ASSIGNED TASK:
Every line from the top of the records through the line containing "Welly 4.75 1964 Porsche 911 43770cw Negro" should be retyped exactly; the pictures should not.

DATA FOR THE TASK:
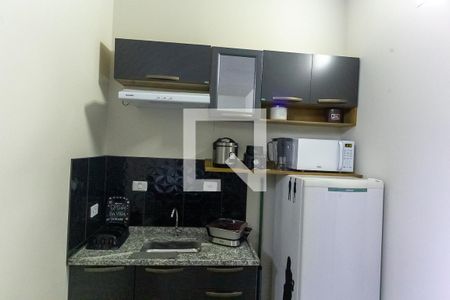 Studio para alugar com 20m², 1 quarto e sem vaga Studio para alugar com 20m², 1 quarto e sem vagaKitnet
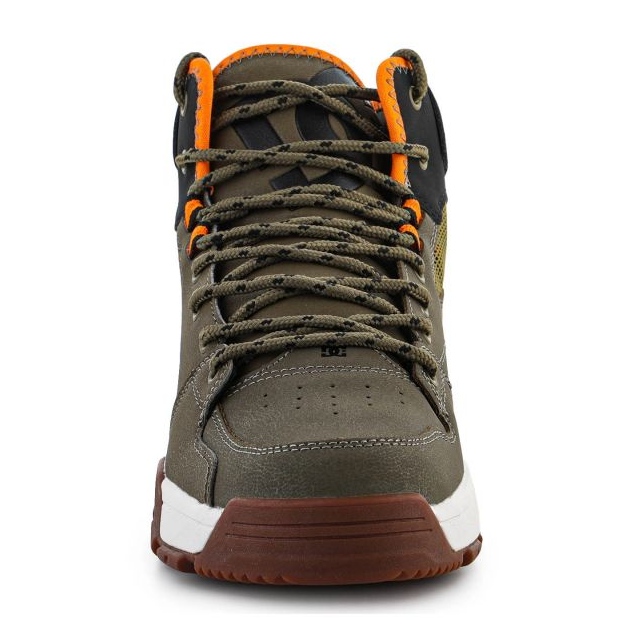 Buty DC Shoes Versatile Hi Wr M ADYB100019-OB2 zielone 1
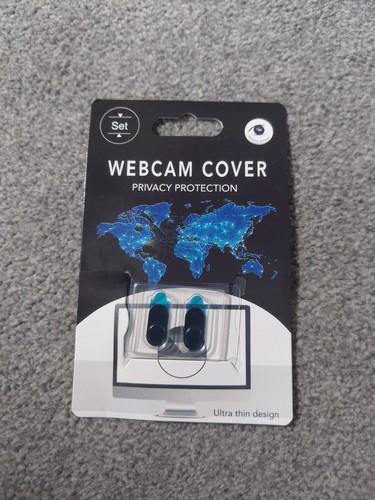 Ultra thin webcam cover - ultra,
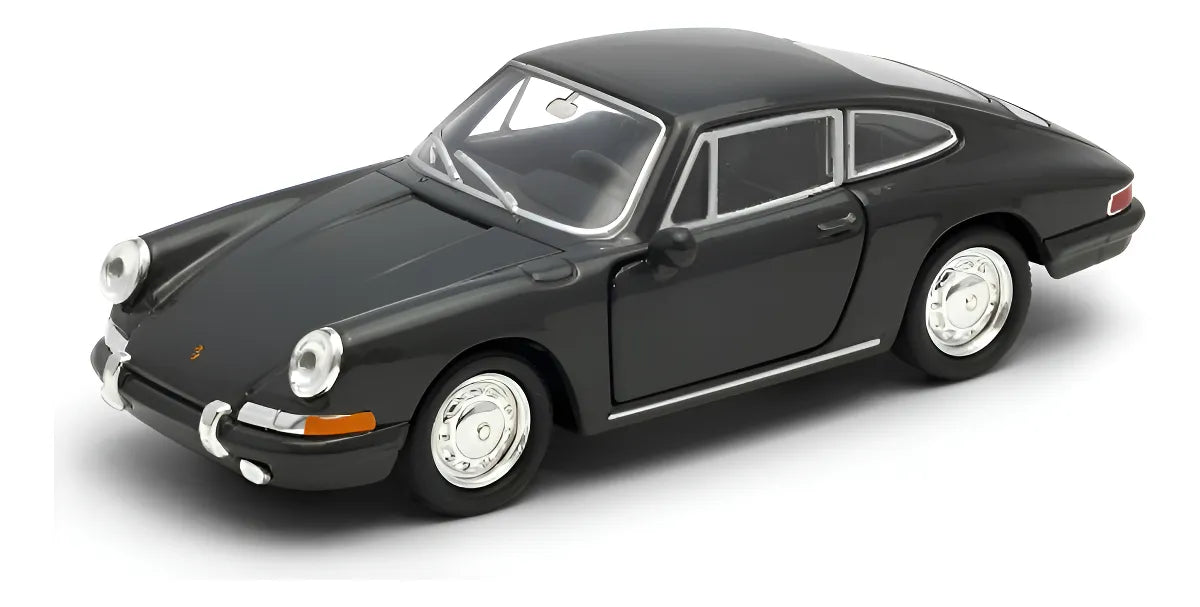 Welly 4.75 1964 Porsche 911 43770cw Negro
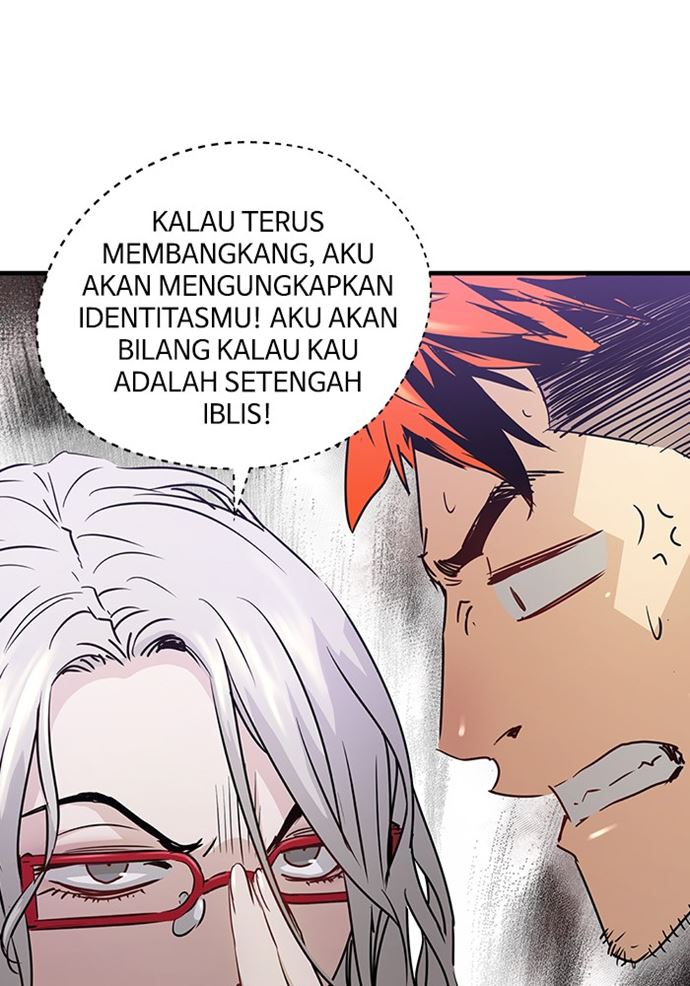 Promised Orchid Chapter 85 Gambar 33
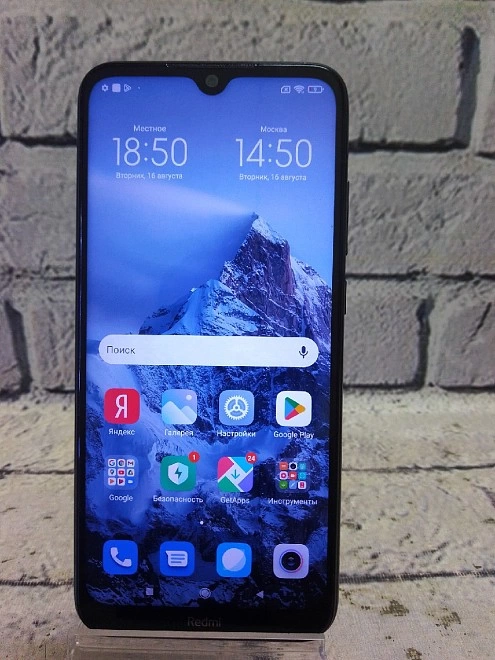 Смартфон Xiaomi Redmi Note 8T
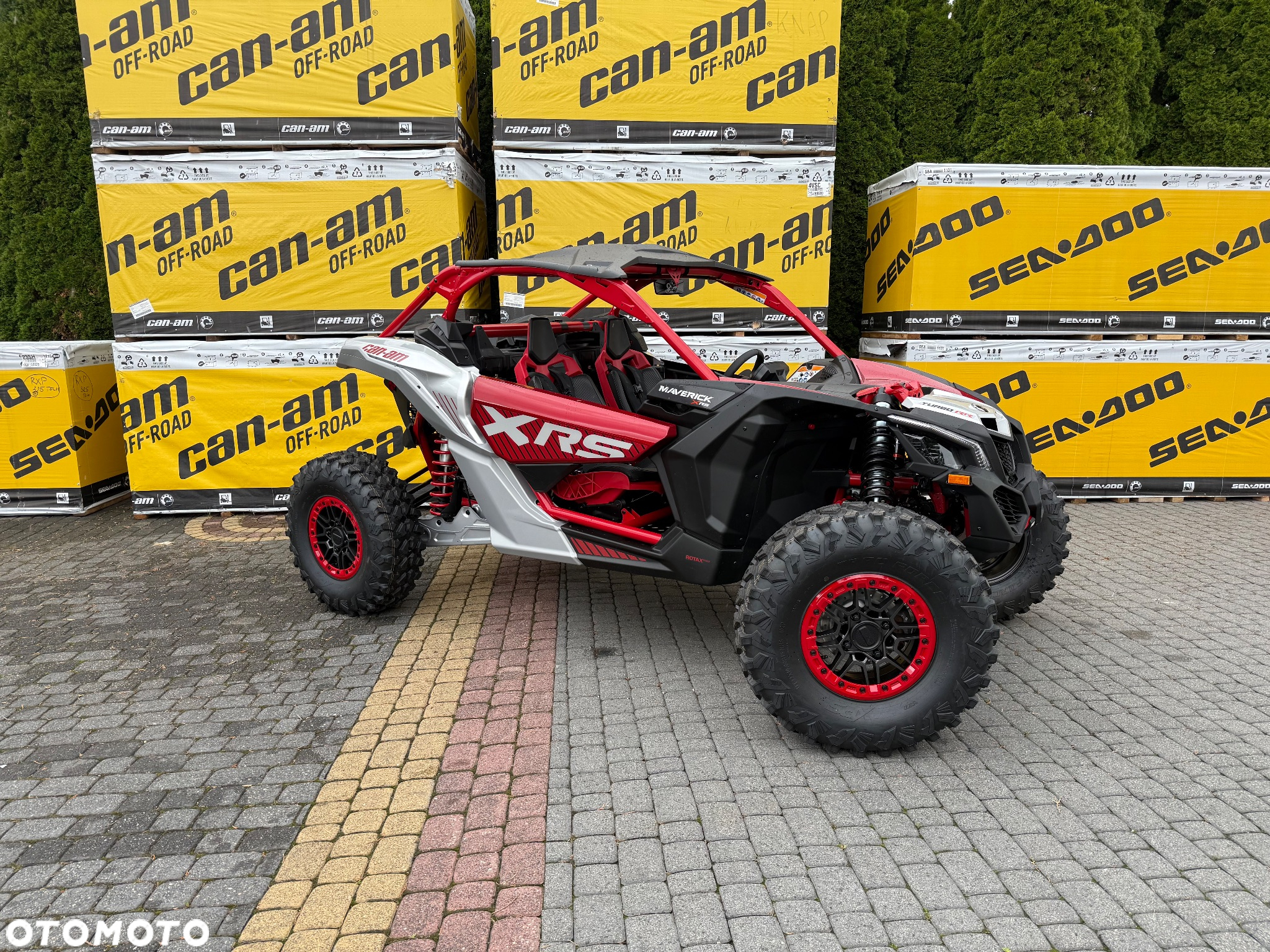 Can-Am Maverick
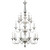 Schonbek - 9698-40O - 20 Light Chandelier - Jasmine - Polished Silver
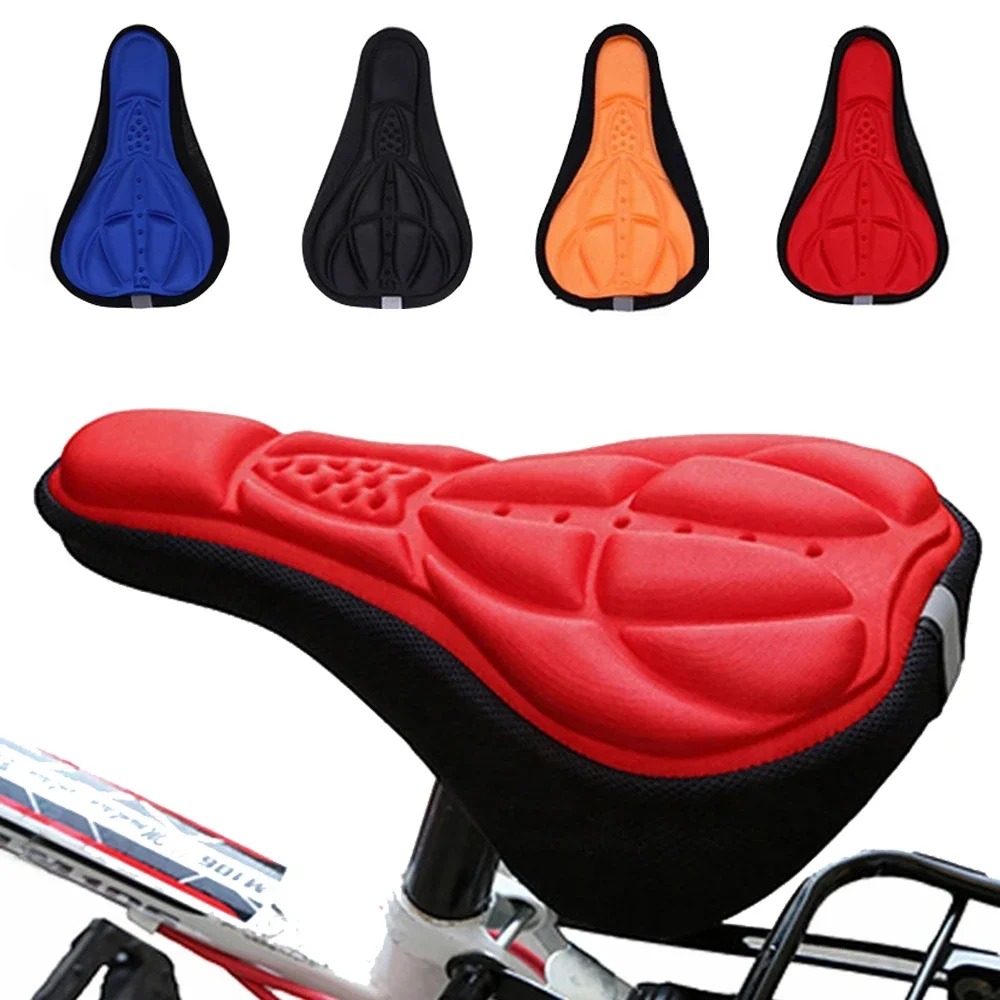 3D verdickter Fahrradsitzbezug – Mountain Biking Pads Bewertung und Preis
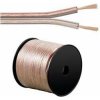 PremiumCord 100 U reproduktorové káble medené 2x2,5mm 1m PremiumCord 100 U reproduktorové káble medené 2x2,5mm 1m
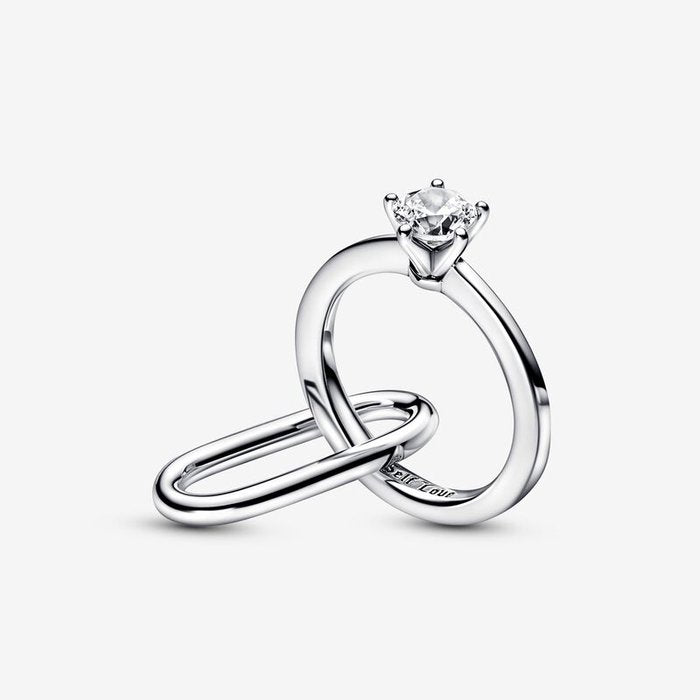 Charm Double Link Marry Me Pandora ME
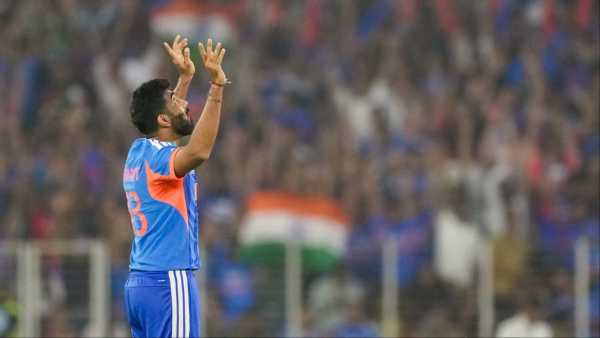 T20 World Cup: Jasprit Bumrah becomes number 1, breaks 2 big records against South Africa
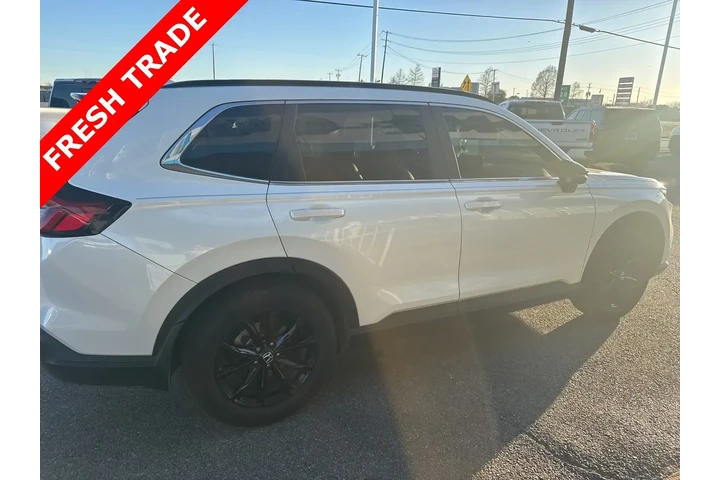 $30613 : Honda CR-V Hybrid 2024 Sport image 4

WRITTEN SOLUTION:
 Studio para alugar com 20m², 1 quarto e sem vaga Studio para alugar com 20m², 1 quarto e sem vagaKitnet
 Buty DC Shoes Versatile Hi Wr M ADYB100019-OB2 zielone 1
 Ultra thin webcam cover - ultra,
 Welly 4.75 1964 Porsche 911 43770cw Negro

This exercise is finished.